Web page caption snippets
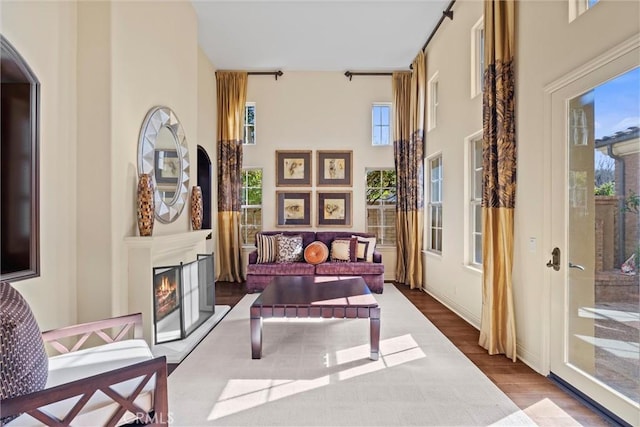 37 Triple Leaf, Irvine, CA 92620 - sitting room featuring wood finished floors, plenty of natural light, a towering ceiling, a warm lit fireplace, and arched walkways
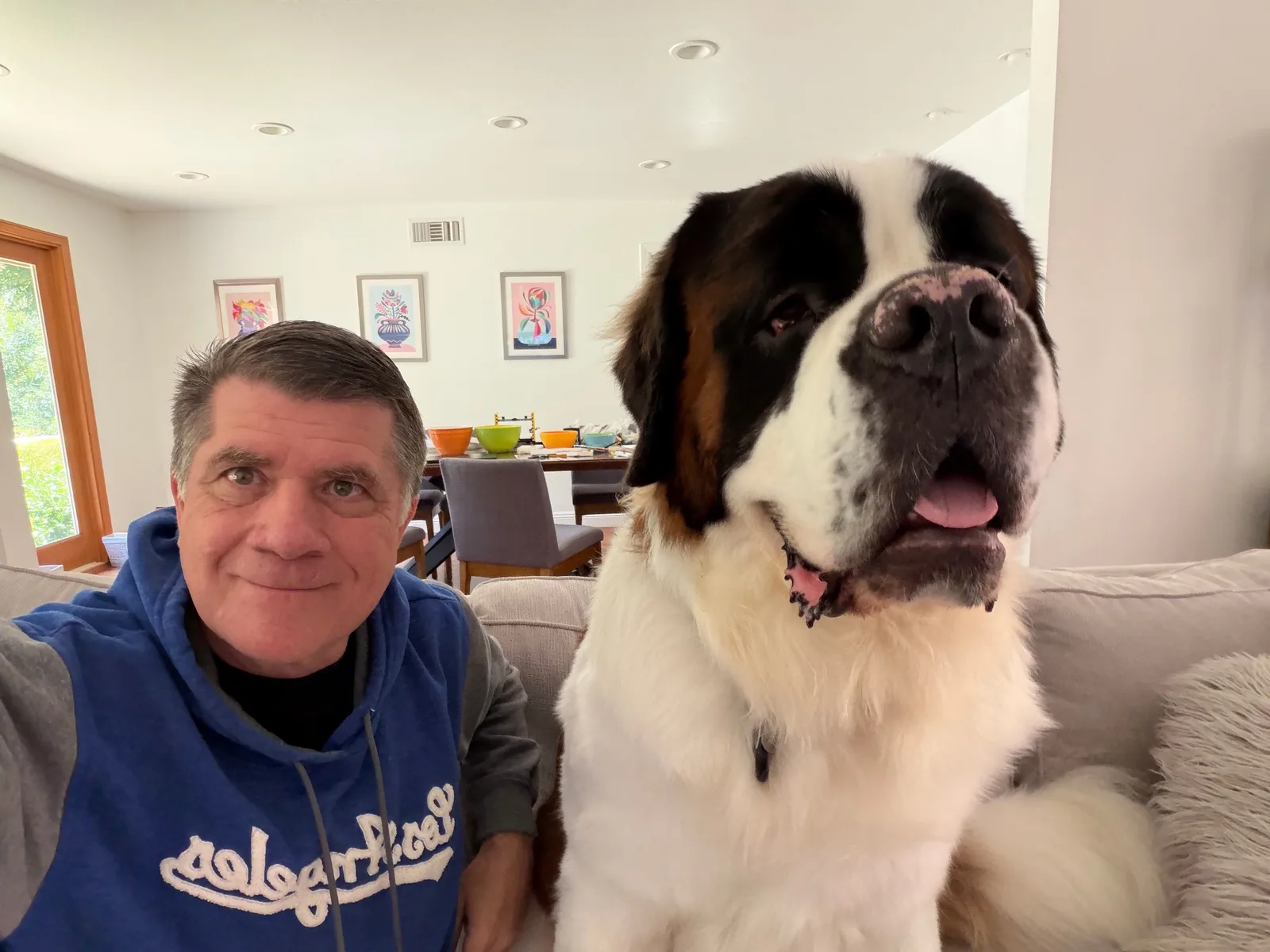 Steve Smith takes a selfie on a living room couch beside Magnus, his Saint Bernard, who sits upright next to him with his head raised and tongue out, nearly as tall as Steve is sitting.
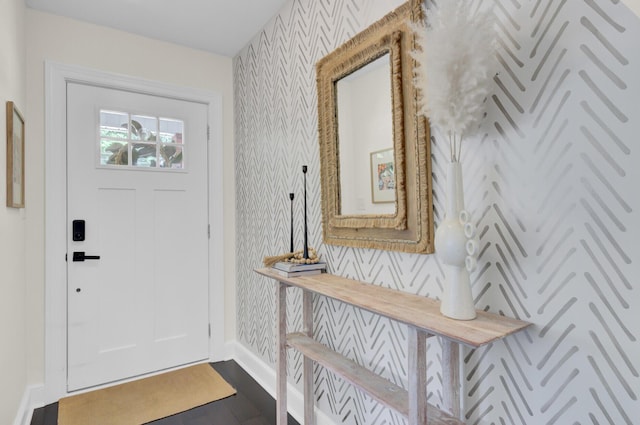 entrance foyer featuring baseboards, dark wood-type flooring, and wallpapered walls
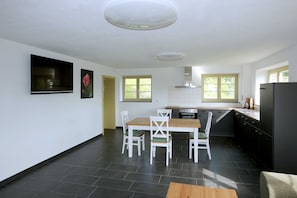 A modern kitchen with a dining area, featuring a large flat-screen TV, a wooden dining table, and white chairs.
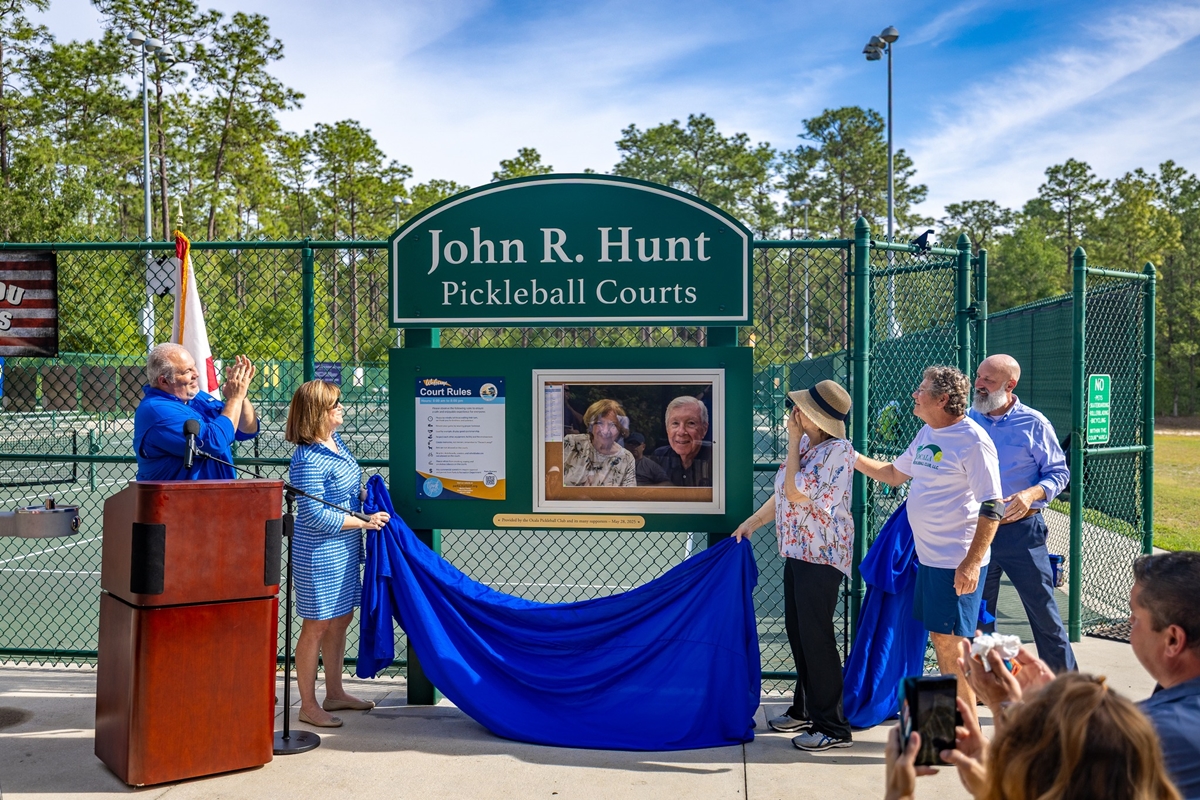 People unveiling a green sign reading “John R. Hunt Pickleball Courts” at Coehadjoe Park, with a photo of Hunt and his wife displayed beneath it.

▶ [What you need to do]: Your copy should hold every entry exactly as written, but none of the pictures.

▶ [Result of the task]:
 37 Triple Leaf, Irvine, CA 92620 - sitting room featuring wood finished floors, plenty of natural light, a towering ceiling, a warm lit fireplace, and arched walkways
 Steve Smith takes a selfie on a living room couch beside Magnus, his Saint Bernard, who sits upright next to him with his head raised and tongue out, nearly as tall as Steve is sitting.
 entrance foyer featuring baseboards, dark wood-type flooring, and wallpapered walls
 A modern kitchen with a dining area, featuring a large flat-screen TV, a wooden dining table, and white chairs.
 People unveiling a green sign reading “John R. Hunt Pickleball Courts” at Coehadjoe Park, with a photo of Hunt and his wife displayed beneath it.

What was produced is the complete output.